Second, our results suggest that renewable energy systems have high enough energy returns to allow the energy transition to happen without a long-term decrease in the net useful energy delivered to society, even accounting for the implications of intermittency. Further work conducting a dynamic analysis would be needed to assess the short-term implications of the energy transition. Considered alongside recent literature on the energy requirements of providing decent living standards^{54,55,56,57,58}, these findings suggest that renewable energy systems can provide sufficient net useful energy to allow everyone to have decent living standards. However, identifying ambitious mitigation pathways ensuring a quick phase-out of fossil fuels while meeting decent living standards for all remains an urgent challenge.

Methods

Calculation of fossil fuelsʼ final-stage EROIs

From the International Energy Agency’s (IEA) Extended World Energy Balances (EWEB), we construct a Physical Supply Use Table (PSUT) framework²³ (for calculations at the global level) and a Multi-Regional Physical Supply Use Table (MR-PSUT) framework²⁴ (for calculations at the regional level). Such frameworks represent the Energy Conversion Chain in terms of physical energy flows, from the primary extraction of energy resources to the delivery of final energy carriers to end-use sectors. The set of basic matrices that constitute these frameworks are the resource matrix R, which represents the primary extraction of energy, the use matrix U, which represents the use of energy products by each energy industry, the supply matrix V, which represents the supply of energy products by each energy industry, and the final demand matrix Y, which represents the final demand of energy carriers by end-use sector (for example, road, iron and steel and so on). The vectors of total output by industry g and of total output by product q stem directly from this set of matrices and are defined, respectively, as the sum across industries of the V matrix and of the sum across energy products of the R and V matrices. Previous work by Heun et al.²³ and Aramendia et al.²⁴ provides further clarification on the PSUT structure and on subsequent calculations.

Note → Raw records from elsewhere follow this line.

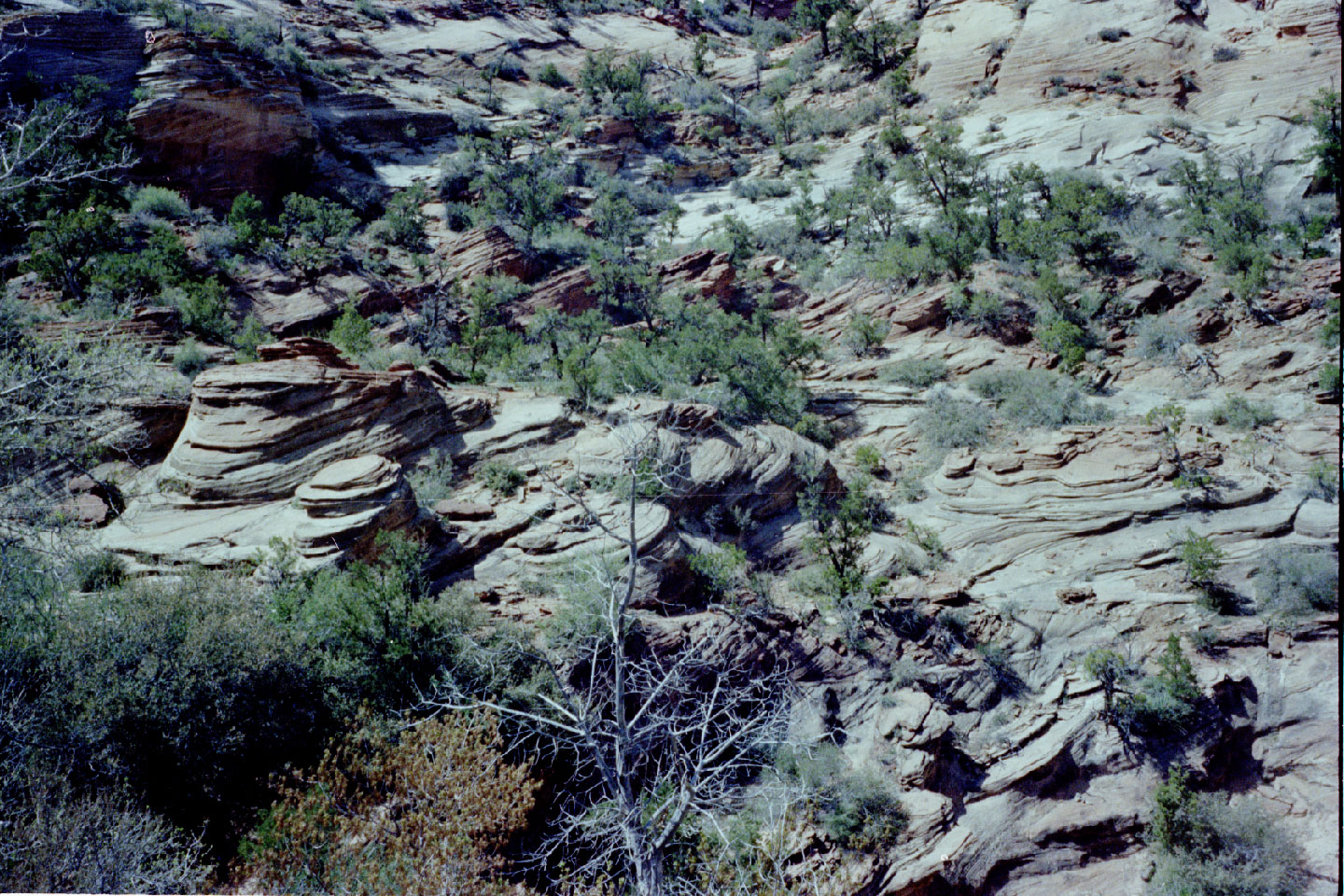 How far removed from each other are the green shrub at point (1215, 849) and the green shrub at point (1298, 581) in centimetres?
287

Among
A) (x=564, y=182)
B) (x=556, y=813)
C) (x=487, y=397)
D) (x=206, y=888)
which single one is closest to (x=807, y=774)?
(x=556, y=813)

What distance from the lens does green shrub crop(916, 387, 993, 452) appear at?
45.8ft

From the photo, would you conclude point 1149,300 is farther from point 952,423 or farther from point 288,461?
point 288,461

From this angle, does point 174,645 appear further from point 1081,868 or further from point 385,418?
point 1081,868

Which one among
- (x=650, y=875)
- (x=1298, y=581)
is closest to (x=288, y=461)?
(x=650, y=875)

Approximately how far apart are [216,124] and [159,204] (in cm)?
481

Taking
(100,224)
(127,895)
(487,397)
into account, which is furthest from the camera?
(100,224)

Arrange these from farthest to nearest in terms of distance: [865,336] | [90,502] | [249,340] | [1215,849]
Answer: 1. [865,336]
2. [249,340]
3. [90,502]
4. [1215,849]

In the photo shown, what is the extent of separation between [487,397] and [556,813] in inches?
268

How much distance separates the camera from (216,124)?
23703 mm

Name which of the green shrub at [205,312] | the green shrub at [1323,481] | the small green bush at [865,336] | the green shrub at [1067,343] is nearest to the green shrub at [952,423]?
the green shrub at [1067,343]

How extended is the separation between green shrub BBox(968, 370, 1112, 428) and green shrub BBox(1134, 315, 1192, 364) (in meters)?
2.07

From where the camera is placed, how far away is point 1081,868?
767 centimetres

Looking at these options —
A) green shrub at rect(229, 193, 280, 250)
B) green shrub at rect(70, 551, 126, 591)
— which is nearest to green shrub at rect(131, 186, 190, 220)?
green shrub at rect(229, 193, 280, 250) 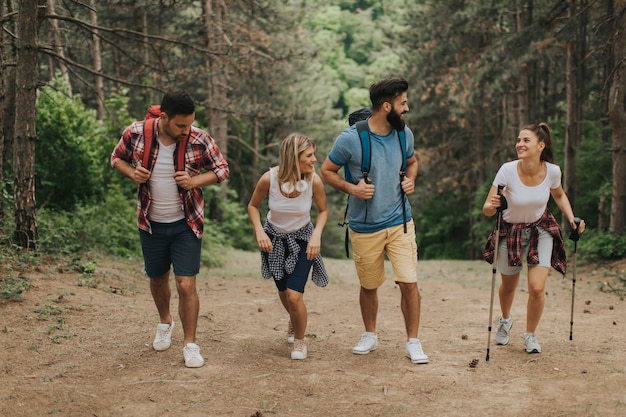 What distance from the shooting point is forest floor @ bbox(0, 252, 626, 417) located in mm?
4996

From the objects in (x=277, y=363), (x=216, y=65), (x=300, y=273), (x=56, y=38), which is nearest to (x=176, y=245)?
(x=300, y=273)

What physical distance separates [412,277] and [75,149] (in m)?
9.52

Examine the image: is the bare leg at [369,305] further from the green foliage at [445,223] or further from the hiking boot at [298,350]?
the green foliage at [445,223]

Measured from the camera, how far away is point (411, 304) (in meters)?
6.14

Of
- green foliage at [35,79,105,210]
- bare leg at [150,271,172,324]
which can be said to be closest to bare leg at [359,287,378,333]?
bare leg at [150,271,172,324]

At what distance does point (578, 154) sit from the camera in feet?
63.7

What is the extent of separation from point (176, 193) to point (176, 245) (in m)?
0.46

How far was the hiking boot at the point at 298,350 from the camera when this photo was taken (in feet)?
20.4

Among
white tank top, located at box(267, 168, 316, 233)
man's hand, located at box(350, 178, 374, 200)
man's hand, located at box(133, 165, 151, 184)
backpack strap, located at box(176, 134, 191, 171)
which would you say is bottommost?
white tank top, located at box(267, 168, 316, 233)

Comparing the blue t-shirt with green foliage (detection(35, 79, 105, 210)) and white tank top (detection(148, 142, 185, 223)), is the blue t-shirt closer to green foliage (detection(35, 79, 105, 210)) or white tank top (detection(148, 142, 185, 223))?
white tank top (detection(148, 142, 185, 223))

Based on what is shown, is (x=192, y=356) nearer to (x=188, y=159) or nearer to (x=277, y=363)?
(x=277, y=363)

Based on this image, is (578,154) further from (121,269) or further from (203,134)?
(203,134)

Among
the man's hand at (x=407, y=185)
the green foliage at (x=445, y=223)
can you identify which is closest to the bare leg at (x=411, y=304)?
the man's hand at (x=407, y=185)

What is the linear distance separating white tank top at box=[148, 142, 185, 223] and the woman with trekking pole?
109 inches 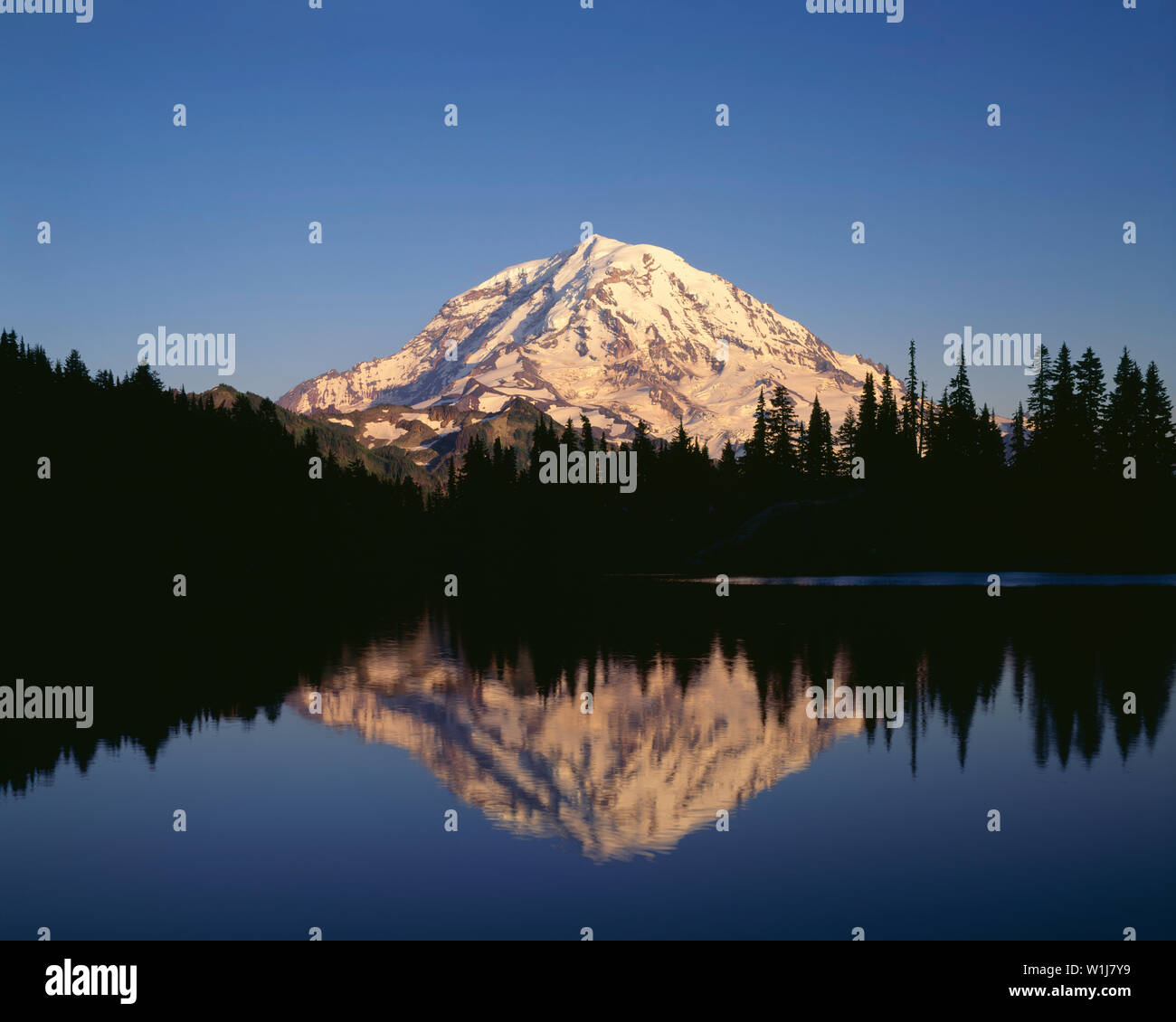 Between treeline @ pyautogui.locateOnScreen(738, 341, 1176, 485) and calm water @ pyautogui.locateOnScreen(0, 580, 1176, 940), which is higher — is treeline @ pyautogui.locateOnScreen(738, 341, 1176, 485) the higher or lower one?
the higher one

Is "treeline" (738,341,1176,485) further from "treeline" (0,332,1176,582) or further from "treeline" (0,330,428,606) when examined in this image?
"treeline" (0,330,428,606)


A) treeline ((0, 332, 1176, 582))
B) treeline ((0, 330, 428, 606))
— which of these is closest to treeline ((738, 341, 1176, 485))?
treeline ((0, 332, 1176, 582))

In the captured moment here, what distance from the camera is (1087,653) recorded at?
52.5m

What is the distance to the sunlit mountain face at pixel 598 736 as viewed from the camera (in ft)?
90.9

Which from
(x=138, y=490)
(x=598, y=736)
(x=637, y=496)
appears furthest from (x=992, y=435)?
(x=598, y=736)

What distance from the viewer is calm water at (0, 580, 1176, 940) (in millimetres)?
20812

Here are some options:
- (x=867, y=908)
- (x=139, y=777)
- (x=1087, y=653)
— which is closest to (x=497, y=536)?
(x=1087, y=653)

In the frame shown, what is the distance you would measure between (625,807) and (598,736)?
28.3ft

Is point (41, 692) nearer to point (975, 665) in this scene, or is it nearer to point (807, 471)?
point (975, 665)

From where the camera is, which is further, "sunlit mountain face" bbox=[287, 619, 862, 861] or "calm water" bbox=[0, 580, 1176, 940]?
"sunlit mountain face" bbox=[287, 619, 862, 861]

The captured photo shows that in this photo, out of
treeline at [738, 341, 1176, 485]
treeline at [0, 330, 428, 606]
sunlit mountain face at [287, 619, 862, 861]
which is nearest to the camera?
sunlit mountain face at [287, 619, 862, 861]

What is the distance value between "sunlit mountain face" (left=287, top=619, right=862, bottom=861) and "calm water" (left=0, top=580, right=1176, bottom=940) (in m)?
0.16

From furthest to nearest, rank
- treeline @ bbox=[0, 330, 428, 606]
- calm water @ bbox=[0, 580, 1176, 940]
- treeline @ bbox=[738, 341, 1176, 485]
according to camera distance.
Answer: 1. treeline @ bbox=[738, 341, 1176, 485]
2. treeline @ bbox=[0, 330, 428, 606]
3. calm water @ bbox=[0, 580, 1176, 940]

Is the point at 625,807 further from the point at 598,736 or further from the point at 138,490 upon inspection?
the point at 138,490
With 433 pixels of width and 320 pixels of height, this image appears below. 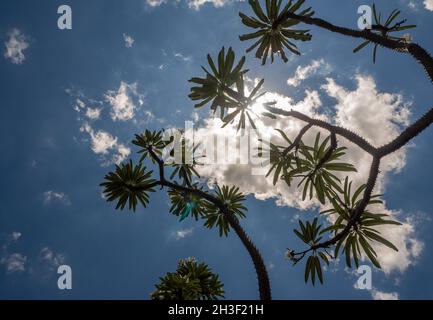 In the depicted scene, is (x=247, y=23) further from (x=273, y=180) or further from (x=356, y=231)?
(x=356, y=231)

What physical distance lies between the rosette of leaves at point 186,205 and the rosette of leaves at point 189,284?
126 cm

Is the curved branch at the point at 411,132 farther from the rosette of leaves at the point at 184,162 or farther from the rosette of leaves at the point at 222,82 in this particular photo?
the rosette of leaves at the point at 184,162

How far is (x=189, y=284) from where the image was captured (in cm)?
539

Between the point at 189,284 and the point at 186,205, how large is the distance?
2.38 metres

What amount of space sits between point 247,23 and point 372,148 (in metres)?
3.24

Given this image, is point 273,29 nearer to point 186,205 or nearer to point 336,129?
point 336,129

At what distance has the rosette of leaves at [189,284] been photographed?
5301 mm

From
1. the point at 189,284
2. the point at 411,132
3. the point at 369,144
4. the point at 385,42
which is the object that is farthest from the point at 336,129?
the point at 189,284

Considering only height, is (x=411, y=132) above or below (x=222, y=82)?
below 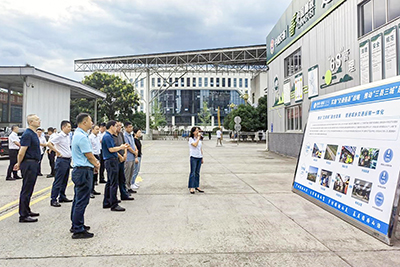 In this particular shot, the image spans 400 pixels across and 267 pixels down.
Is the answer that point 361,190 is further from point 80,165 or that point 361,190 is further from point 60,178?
point 60,178

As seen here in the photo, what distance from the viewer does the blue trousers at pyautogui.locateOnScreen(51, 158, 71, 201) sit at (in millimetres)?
5941

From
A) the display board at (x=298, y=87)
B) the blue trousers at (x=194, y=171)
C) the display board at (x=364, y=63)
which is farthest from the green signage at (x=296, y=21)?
the blue trousers at (x=194, y=171)

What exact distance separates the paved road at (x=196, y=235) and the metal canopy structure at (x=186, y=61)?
2766cm

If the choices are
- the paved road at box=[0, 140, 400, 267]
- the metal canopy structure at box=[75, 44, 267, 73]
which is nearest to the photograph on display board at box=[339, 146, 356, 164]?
the paved road at box=[0, 140, 400, 267]

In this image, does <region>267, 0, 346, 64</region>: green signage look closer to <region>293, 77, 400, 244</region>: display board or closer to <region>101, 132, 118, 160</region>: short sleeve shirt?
<region>293, 77, 400, 244</region>: display board

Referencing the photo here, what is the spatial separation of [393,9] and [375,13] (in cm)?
105

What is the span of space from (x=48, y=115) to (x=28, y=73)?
400 centimetres

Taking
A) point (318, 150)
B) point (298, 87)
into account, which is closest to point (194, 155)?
point (318, 150)

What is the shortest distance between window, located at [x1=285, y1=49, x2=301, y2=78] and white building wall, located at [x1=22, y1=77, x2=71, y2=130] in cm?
1806

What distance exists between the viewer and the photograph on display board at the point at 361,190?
4.23m

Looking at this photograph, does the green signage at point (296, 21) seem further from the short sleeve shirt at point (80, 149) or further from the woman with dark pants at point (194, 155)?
the short sleeve shirt at point (80, 149)

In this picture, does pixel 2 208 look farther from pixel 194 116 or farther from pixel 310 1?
pixel 194 116

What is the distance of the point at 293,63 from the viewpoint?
651 inches

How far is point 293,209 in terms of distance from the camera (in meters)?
5.64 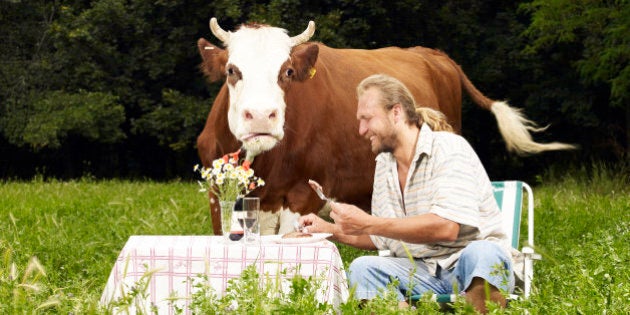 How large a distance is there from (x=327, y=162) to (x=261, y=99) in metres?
1.36

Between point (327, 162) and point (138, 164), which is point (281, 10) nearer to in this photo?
point (138, 164)

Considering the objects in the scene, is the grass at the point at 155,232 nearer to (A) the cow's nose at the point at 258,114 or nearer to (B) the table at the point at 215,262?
(B) the table at the point at 215,262

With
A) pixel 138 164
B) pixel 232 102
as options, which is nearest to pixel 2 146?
pixel 138 164

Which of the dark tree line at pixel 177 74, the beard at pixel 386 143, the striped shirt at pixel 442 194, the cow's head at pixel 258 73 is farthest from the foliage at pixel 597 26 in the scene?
the beard at pixel 386 143

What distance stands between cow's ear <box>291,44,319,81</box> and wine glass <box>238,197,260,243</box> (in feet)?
7.33

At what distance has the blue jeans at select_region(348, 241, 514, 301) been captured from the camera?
4.27 meters

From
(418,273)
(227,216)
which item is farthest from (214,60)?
(418,273)

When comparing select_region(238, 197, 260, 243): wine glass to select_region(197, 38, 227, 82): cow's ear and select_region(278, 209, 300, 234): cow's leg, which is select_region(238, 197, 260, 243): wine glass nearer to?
select_region(278, 209, 300, 234): cow's leg

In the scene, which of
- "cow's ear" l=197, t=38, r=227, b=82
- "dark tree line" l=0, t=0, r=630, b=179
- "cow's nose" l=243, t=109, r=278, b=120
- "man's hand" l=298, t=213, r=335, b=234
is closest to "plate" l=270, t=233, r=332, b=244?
"man's hand" l=298, t=213, r=335, b=234

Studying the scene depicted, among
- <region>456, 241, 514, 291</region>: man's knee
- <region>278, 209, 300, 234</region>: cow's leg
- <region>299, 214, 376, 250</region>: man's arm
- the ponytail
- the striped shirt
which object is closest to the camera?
<region>456, 241, 514, 291</region>: man's knee

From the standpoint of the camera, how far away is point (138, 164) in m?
22.6

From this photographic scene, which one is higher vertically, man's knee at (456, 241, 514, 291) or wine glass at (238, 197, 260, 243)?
wine glass at (238, 197, 260, 243)

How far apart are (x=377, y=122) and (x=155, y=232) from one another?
417 cm

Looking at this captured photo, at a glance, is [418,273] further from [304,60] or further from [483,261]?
[304,60] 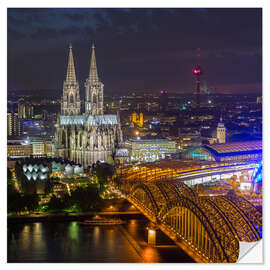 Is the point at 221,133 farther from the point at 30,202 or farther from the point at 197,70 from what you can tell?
the point at 30,202

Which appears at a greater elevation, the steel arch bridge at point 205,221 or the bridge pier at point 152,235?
the steel arch bridge at point 205,221

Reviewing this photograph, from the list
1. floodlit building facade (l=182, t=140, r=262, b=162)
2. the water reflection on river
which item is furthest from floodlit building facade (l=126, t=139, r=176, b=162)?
the water reflection on river

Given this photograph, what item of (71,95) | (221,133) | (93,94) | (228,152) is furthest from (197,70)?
(221,133)

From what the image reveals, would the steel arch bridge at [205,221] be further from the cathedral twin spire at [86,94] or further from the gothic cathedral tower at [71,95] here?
the gothic cathedral tower at [71,95]

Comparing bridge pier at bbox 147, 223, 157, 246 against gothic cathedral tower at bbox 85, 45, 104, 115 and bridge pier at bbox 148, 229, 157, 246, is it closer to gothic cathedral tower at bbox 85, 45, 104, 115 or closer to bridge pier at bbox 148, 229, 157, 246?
bridge pier at bbox 148, 229, 157, 246

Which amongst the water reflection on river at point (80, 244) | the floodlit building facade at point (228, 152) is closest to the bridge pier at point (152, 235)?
the water reflection on river at point (80, 244) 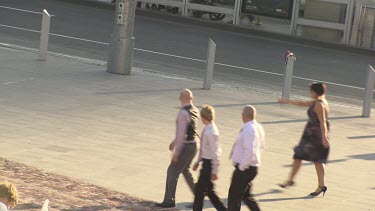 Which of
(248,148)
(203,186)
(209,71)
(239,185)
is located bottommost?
(203,186)

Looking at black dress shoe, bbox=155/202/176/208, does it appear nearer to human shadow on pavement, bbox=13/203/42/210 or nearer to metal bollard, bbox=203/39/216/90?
human shadow on pavement, bbox=13/203/42/210

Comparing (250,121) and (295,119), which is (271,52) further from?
(250,121)

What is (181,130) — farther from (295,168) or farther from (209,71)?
(209,71)

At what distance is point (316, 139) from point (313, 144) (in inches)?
3.2

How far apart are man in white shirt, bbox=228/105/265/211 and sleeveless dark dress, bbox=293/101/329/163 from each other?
6.31ft

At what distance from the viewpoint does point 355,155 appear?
15578 millimetres

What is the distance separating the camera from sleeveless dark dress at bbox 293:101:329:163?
40.6 feet

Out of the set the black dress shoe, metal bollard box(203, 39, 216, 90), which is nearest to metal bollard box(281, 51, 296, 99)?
metal bollard box(203, 39, 216, 90)

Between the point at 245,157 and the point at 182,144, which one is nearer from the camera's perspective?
the point at 245,157

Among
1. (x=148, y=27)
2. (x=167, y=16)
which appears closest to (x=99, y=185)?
(x=148, y=27)

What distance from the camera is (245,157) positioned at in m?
10.4

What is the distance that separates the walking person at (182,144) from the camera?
36.8ft

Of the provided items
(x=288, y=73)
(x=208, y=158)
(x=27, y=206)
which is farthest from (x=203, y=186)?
(x=288, y=73)

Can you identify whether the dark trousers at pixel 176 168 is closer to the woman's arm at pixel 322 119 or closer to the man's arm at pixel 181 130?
the man's arm at pixel 181 130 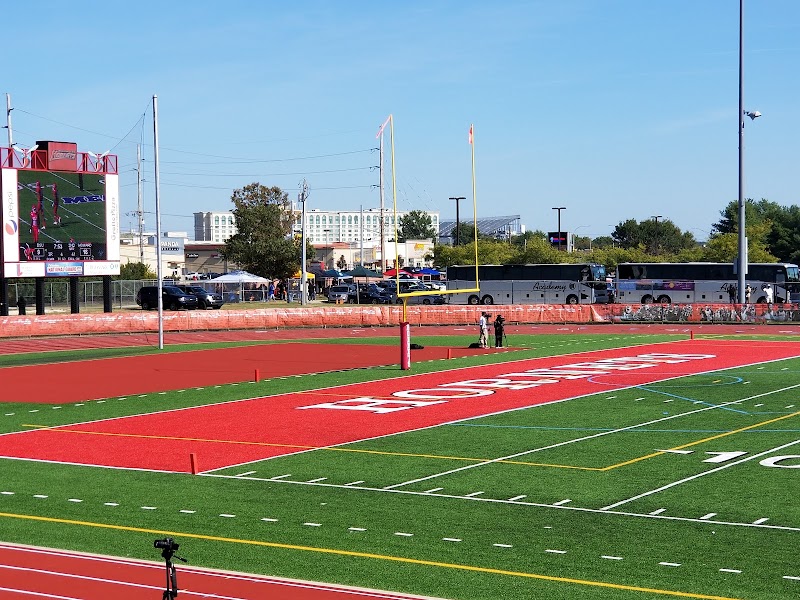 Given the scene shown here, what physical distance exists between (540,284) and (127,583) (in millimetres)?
72902

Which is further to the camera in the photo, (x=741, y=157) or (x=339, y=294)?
(x=339, y=294)

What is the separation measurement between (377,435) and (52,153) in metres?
43.6

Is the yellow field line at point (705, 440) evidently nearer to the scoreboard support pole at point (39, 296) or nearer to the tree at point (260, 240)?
the scoreboard support pole at point (39, 296)

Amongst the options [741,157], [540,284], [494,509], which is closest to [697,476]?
[494,509]

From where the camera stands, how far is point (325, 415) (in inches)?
1107

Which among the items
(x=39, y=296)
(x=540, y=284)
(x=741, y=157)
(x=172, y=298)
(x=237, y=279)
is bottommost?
(x=172, y=298)

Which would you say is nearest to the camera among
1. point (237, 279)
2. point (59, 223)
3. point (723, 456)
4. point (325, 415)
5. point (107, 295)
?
point (723, 456)

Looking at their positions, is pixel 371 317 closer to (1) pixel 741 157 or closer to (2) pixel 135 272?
(1) pixel 741 157

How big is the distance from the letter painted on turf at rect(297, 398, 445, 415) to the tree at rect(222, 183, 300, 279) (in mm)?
82872

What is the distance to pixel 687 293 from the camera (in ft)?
261

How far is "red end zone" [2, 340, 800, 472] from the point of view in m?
23.5

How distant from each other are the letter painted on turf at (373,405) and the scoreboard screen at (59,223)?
3714cm

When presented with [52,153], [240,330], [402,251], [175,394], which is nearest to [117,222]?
[52,153]

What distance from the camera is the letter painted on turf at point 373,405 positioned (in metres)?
29.0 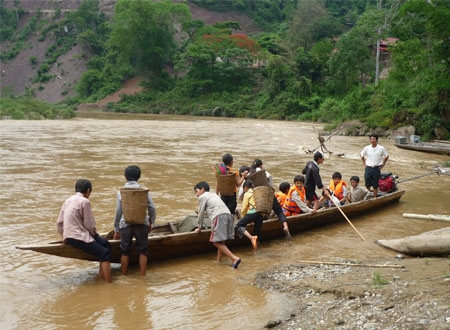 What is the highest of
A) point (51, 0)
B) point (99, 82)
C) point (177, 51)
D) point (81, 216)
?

Then, input–output matrices are specified following the industry technology assumption, which is the most appropriate for describing the energy industry, due to numerous cases of joint and by-production⁵⁹. Particularly, we define the set of matrices shown in Table 2.

Table 2 Input–output matrices definition and coefficients meaning

The next step is to determine the vector of final energy intensities by energy industry, that is, the consumption of final energy required for each energy industry to deliver one unit of energy output. To do so, we split the use matrix U in its feedstock component U_feed (representing energy products used for transformation processes by industry) and its energy self-consumption component U_eiou (representing energy products used for energy purposes by the energy industry).

Then, we determine the vector of final energy consumption by unit of energy output (each coefficient standing for a given energy industry), as:

$${{{{\bf{e}}}}}_{{{{\rm{eiou}}}}}={\widehat{\bf{g}}}^{-1}({{{{{\bf{U}}}}}}_{{{{\rm{eiou}}}}}^{{{{\rm{T}}}}}{{{\bf{i}}}}),$$

(9)

where the hat notation refers to a diagonalized vector, for example, a matrix with coefficients in the diagonal equal to the vector’s coefficients and coefficients outside the diagonal equal to zero, and where i refers to a column vector filled with ones. Next, we determine the vector of final energy requirements for the production of one unit of each energy product as:

$${{{{\bf{m}}}}}^{{{{\rm{T}}}}}={{{{\bf{e}}}}}_{{{{\rm{eiou}}}}}^{{{{\rm{T}}}}}{{{{\bf{D}}}}}{({{{{\bf{I}}}}}-{{{{\bf{A}}}}})}^{-1},$$

(10)

where ^T stands for the transpose of a vector or matrix. Then the EROI for each energy product is simply calculated as the inverse of the coefficient corresponding to the given product in the vector m. These calculations are conducted alike both when using the global PSUT framework (single world region) and the MR-PSUT framework, yielding in the first case the global final-stage EROIs by energy product and in the second case the final-stage EROIs for the manufacture of a given product in a given country (in the multi-regional framework, the names of energy products are specified according to the region of production). Next, we aggregate these EROIs to determine average values for five fossil fuel groups (average fossil fuel mix, coal products, oil products, fossil gas and oil and gas products) using the shares of use of each energy product within each fossil fuel group, which we calculate directly from the IEA’s EWEB for both the global and national levels.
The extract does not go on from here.